_Data records_.
_ _ _ _
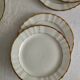 « Pallas » - 6 assiettes à dessert en porcelaine Limoges Balleroy & Cie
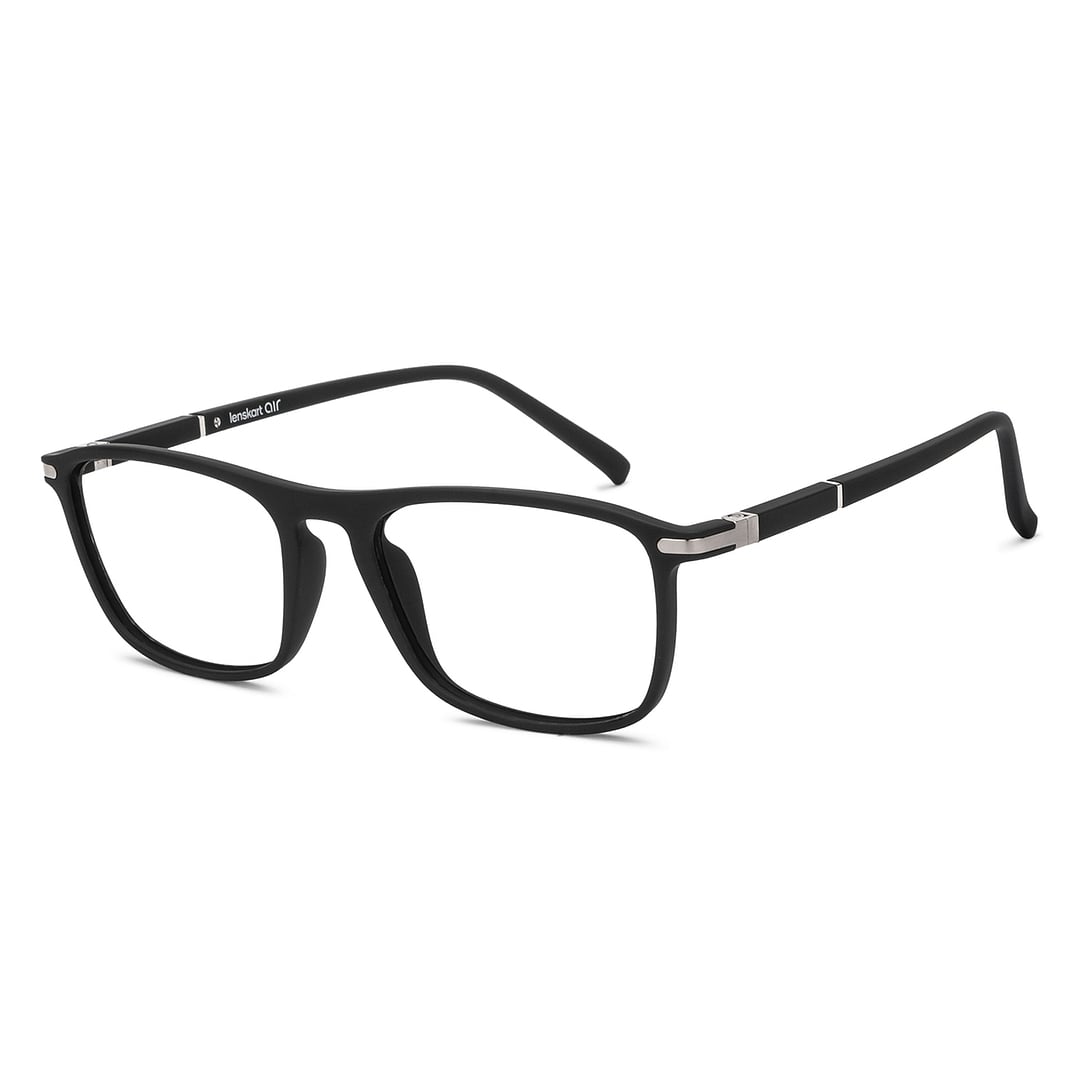 Lenskart Air Black Full Rim Square right side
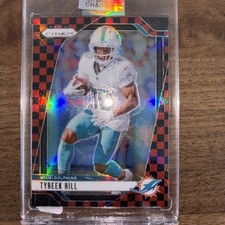 2024 Panini Prizm - Tyreek Hill #177 Black & Red Checker Prizm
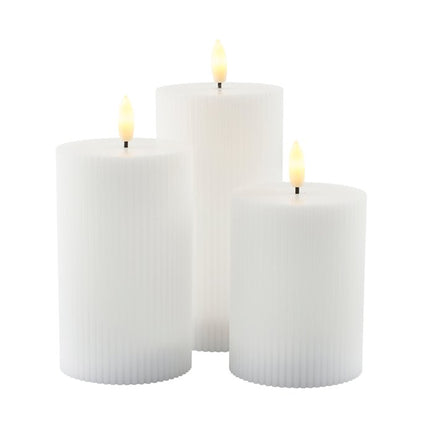 3-Piece Smilla LED Candle Set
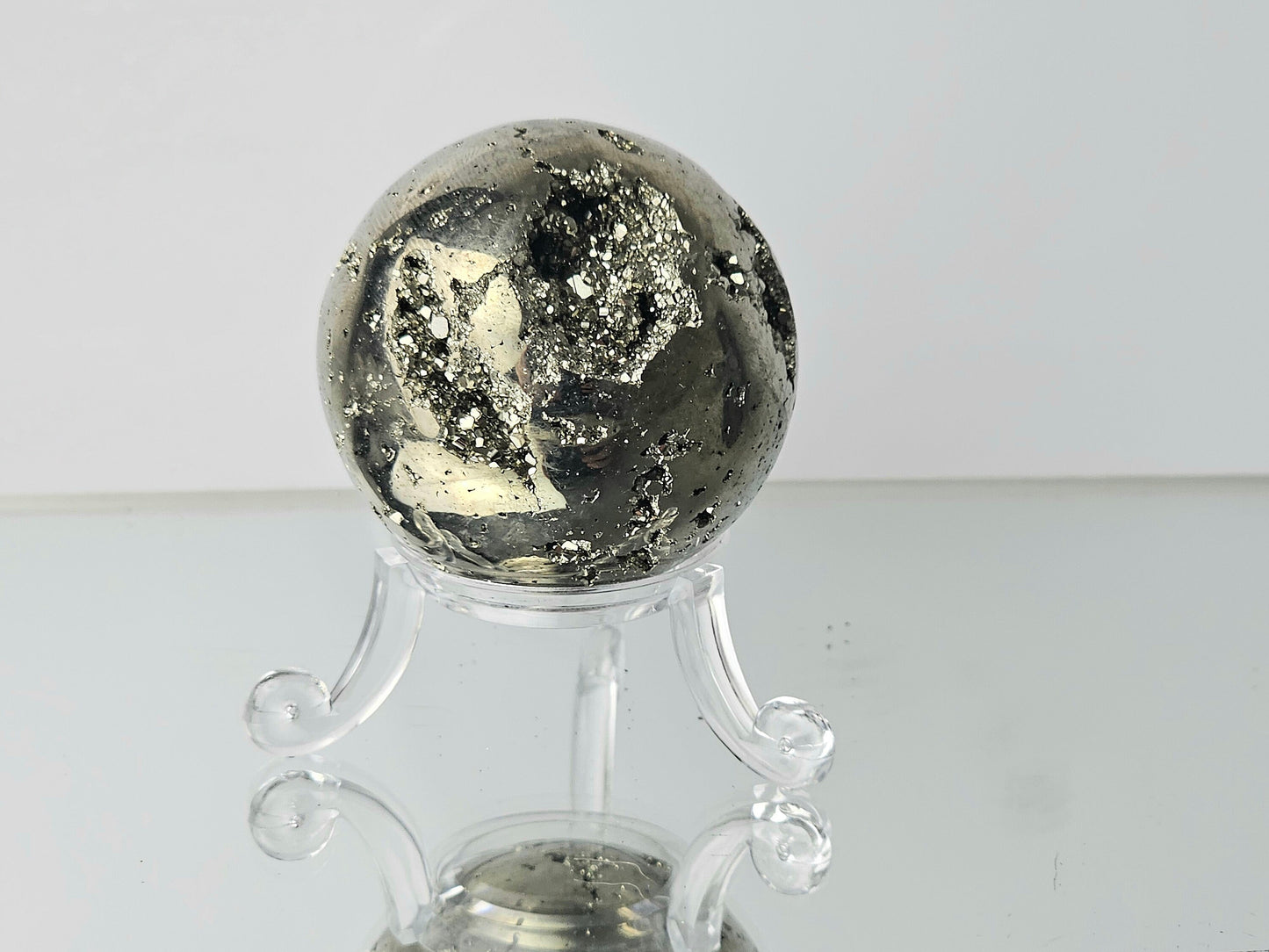 Pyrite Crystal Sphere (#6)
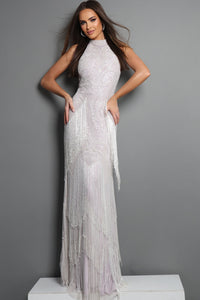 Length Lace Evening Sheath Jovani 44061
_ _ _ _
_Task requirements_. Transcribe the lines above exactly, setting aside any picture among them.

_Final answer_.
 « Pallas » - 6 assiettes à dessert en porcelaine Limoges Balleroy & Cie
 Lenskart Air Black Full Rim Square right side
 2024 Panini Prizm - Tyreek Hill #177 Black & Red Checker Prizm
 3-Piece Smilla LED Candle Set
 Pyrite Crystal Sphere (#6)
 Length Lace Evening Sheath Jovani 44061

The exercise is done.